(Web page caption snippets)
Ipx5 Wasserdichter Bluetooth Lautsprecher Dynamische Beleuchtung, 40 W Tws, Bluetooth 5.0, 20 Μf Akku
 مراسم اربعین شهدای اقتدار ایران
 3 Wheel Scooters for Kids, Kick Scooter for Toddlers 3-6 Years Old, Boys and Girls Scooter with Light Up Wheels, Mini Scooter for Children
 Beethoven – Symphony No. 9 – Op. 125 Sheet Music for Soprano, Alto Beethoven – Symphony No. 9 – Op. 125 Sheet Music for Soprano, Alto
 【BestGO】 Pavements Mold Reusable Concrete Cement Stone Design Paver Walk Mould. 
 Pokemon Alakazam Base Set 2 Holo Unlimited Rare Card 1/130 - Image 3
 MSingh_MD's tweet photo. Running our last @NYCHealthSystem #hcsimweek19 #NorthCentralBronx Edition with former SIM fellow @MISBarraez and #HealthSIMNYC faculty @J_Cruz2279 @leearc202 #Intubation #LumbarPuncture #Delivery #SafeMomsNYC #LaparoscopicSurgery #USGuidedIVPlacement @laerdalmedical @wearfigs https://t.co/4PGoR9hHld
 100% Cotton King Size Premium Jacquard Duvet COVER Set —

[What needs to be done] Beginning at the top of the entries above, output each line exactly, and end with the line in which "Soprano, Alto Beethoven" appears.

[Exercise result]
Ipx5 Wasserdichter Bluetooth Lautsprecher Dynamische Beleuchtung, 40 W Tws, Bluetooth 5.0, 20 Μf Akku
 مراسم اربعین شهدای اقتدار ایران
 3 Wheel Scooters for Kids, Kick Scooter for Toddlers 3-6 Years Old, Boys and Girls Scooter with Light Up Wheels, Mini Scooter for Children
 Beethoven – Symphony No. 9 – Op. 125 Sheet Music for Soprano, Alto Beethoven – Symphony No. 9 – Op. 125 Sheet Music for Soprano, Alto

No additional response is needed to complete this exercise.